Para Melo-Santos, é improvável que a urina seja usada para marcar território, pois a correnteza do rio dispersaria rapidamente qualquer pista química contida na urina/excreta. Além disso, os cetáceos possuem um nervo olfativo reduzido ou ausente, tornando a comunicação química por odores improvável.

Leia também: Segredos do comportamento de botos na Amazônia são revelados por inteligência artificial

Sociáveis

Os botos são conhecidos por seu comportamento social. Eles interagem em grupo, se tocam frequentemente e se comunicam por meio de sons. Em ambientes onde estão habituados ao contato humano, também demonstram interações lúdicas.

“Eles são sociáveis e engajam em brincadeiras”, explica Melo-Santos. “Isso é comum entre mamíferos com alto poder cognitivo, pois a brincadeira funciona como um treinamento para a vida adulta. Eles pegam objetos no rio e os exibem na superfície, o que na vida adulta funciona como um display sócio-sexual, tanto para socialização quanto para atrair parceiros”, explicou.

Leia também: Entenda a diferença de comportamento entre os botos da Amazônia e se eles são mesmo “implicantes”

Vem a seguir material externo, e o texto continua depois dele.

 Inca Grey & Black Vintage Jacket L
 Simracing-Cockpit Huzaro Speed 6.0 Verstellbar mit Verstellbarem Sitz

Em Mocajuba, no Pará, onde Melo-Santos trabalha com um grupo de botos há mais de 10 anos, é comum ver filhotes pegando objetos e os oferecendo a outros botos ou humanos. Entre os itens usados estão pedras, pedaços de vegetação e até lixo descartado no rio, o que representa um risco para a espécie.

O estudo abre novas perspectivas sobre a complexidade do comportamento dos botos, reforçando a necessidade de mais pesquisas para compreender suas interações sociais e os impactos ambientais que enfrentam.